(Records drawn from a dataset)
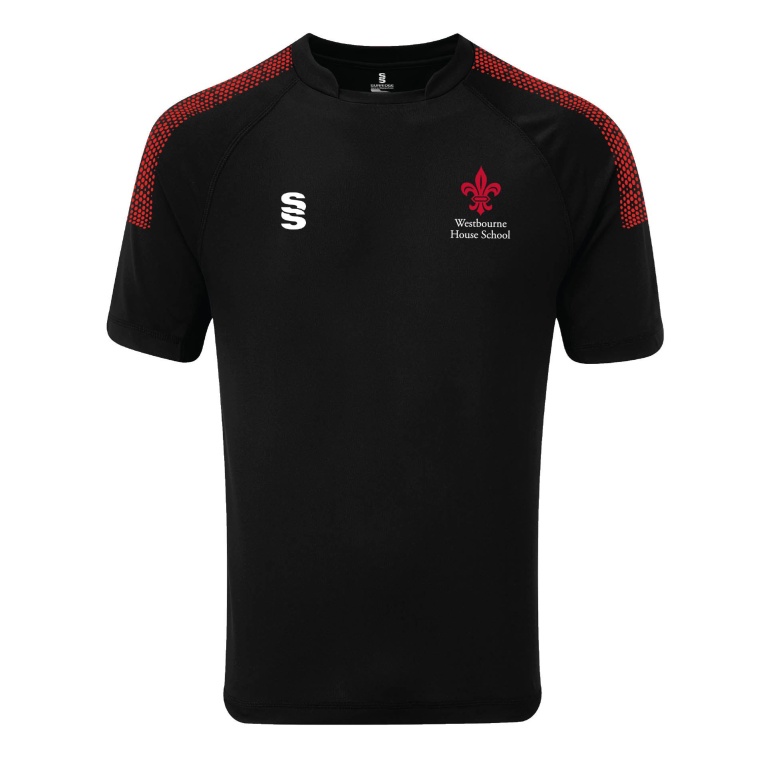 WESTBOURNE HOUSE STAFF DUAL STAND UP COLLAR SHIRT - BLACK/RED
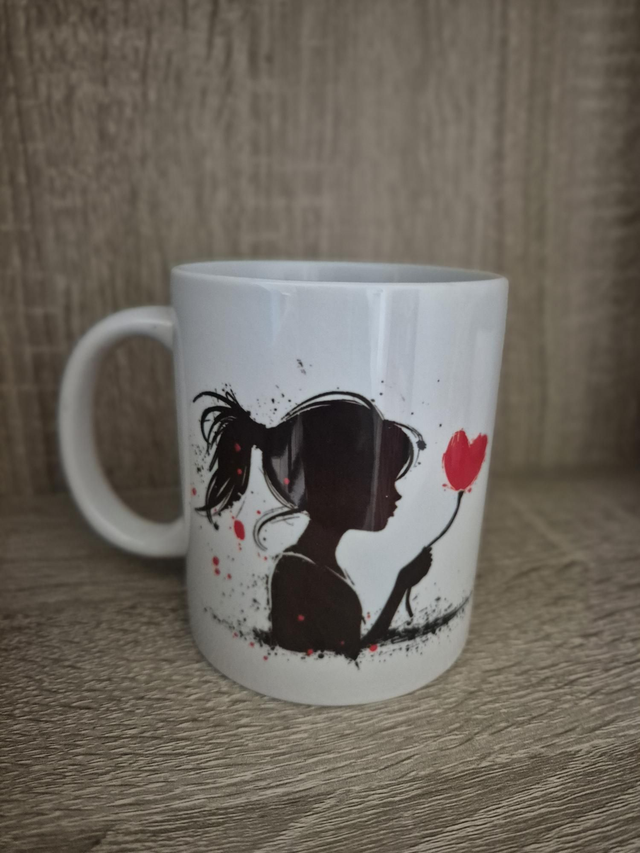Mug &quot;fille love&quot;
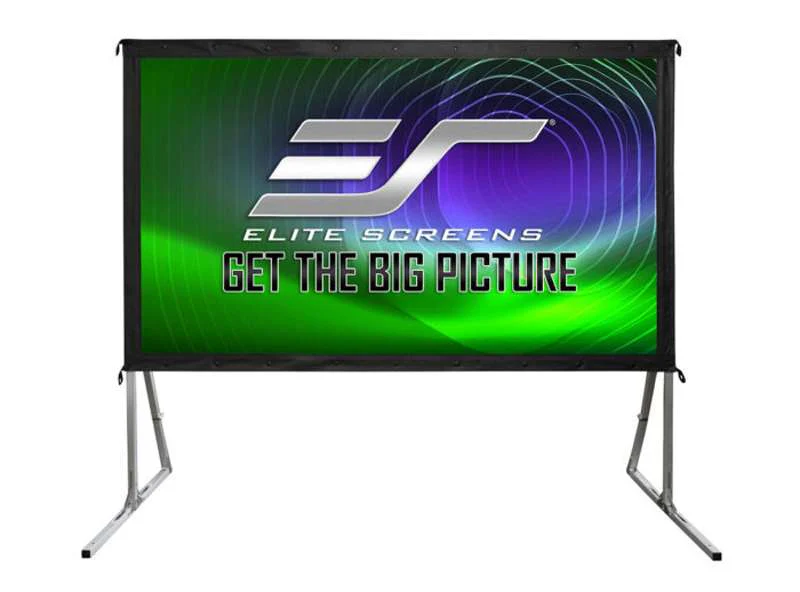 Elite Screens Yard Master 2 Rear Series, 110-inch Diag., 16:9 Portable Screen, WraithVeil Material - Image 3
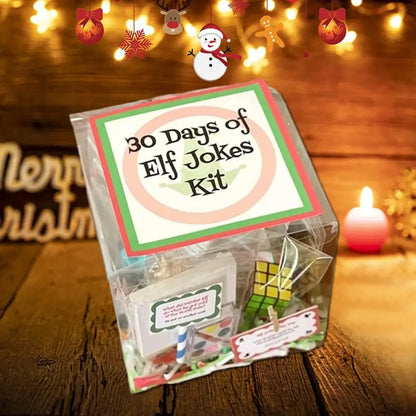 Elf Activities Elf Kit 24/30 Days of Christmas Funny Plastics Christmas Countdown Set Best Elf Pranks Elf Kit 24/30 Days Party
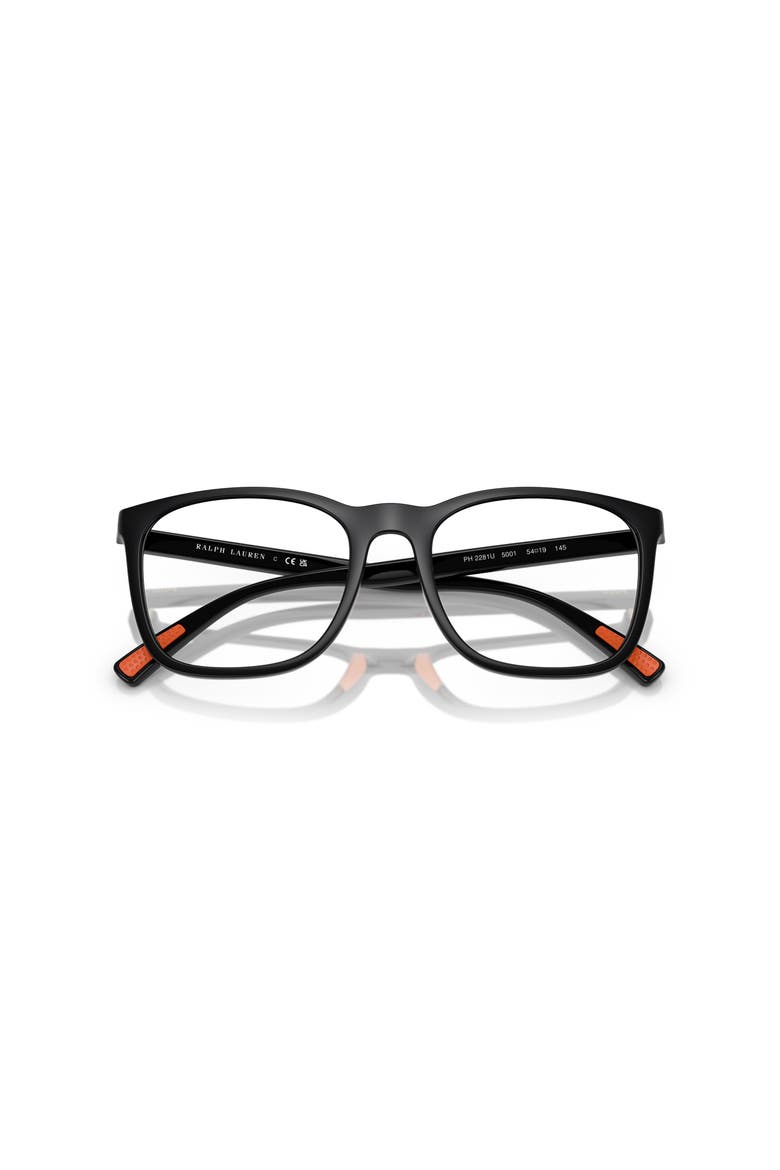 54mm Rectangle optical glasses, Alternate, color, Black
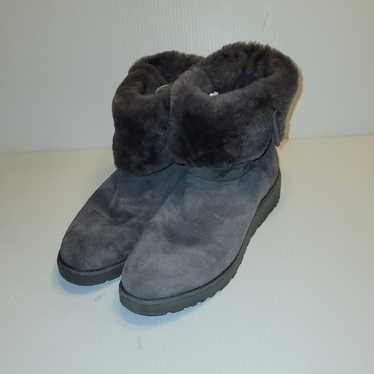 UGG Australia  Grey CLASSIC SLIM SHEEPSKIN WEDGE … - image 1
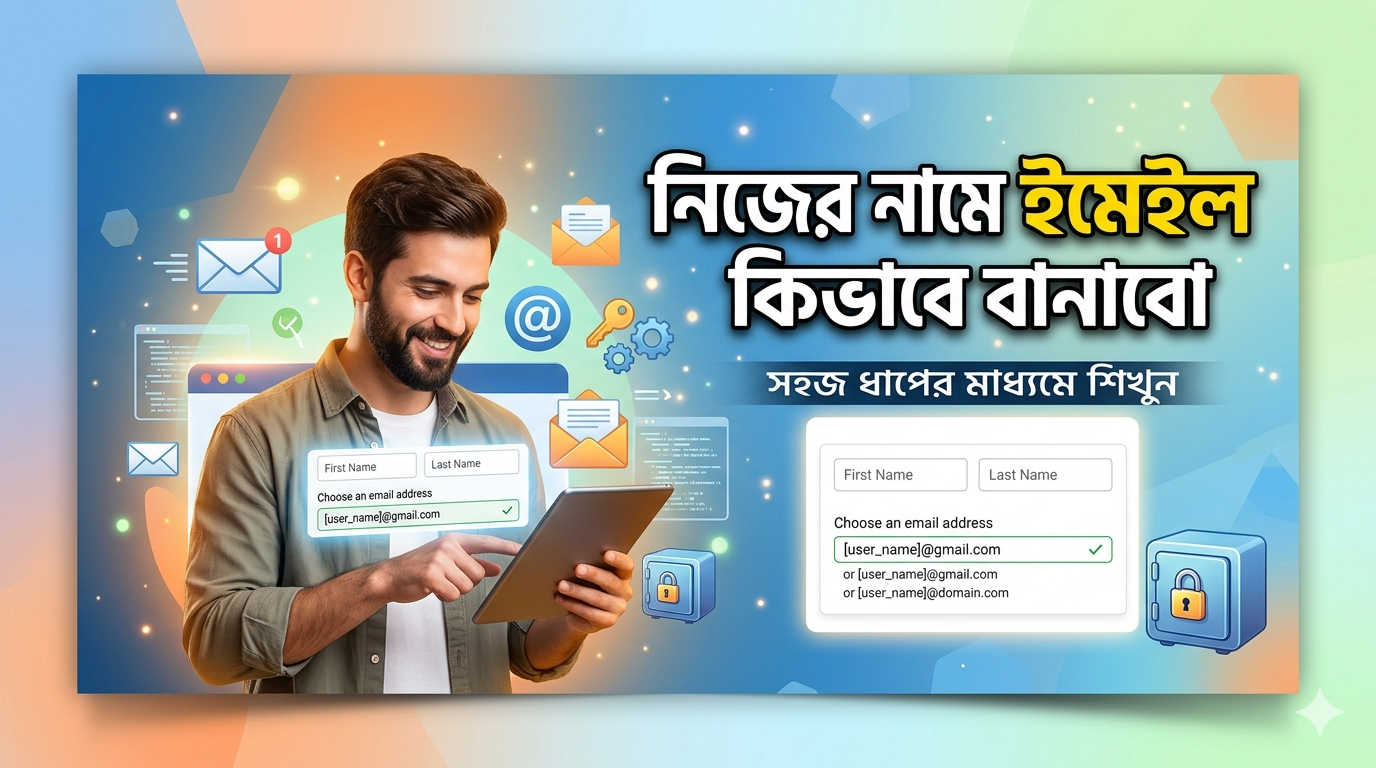 নিজের নামে ইমেইল কিভাবে বানাবো — সম্পূর্ণ বাংলা গাইড ২০২৬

_REQUIRED ACTION_.
Repeat each line above exactly. The pictures stay out.

_SOLUTION TO THE EXERCISE_.
 WESTBOURNE HOUSE STAFF DUAL STAND UP COLLAR SHIRT - BLACK/RED
Mug &quot;fille love&quot;
 Elite Screens Yard Master 2 Rear Series, 110-inch Diag., 16:9 Portable Screen, WraithVeil Material - Image 3
 Elf Activities Elf Kit 24/30 Days of Christmas Funny Plastics Christmas Countdown Set Best Elf Pranks Elf Kit 24/30 Days Party
 54mm Rectangle optical glasses, Alternate, color, Black
 UGG Australia  Grey CLASSIC SLIM SHEEPSKIN WEDGE … - image 1
 নিজের নামে ইমেইল কিভাবে বানাবো — সম্পূর্ণ বাংলা গাইড ২০২৬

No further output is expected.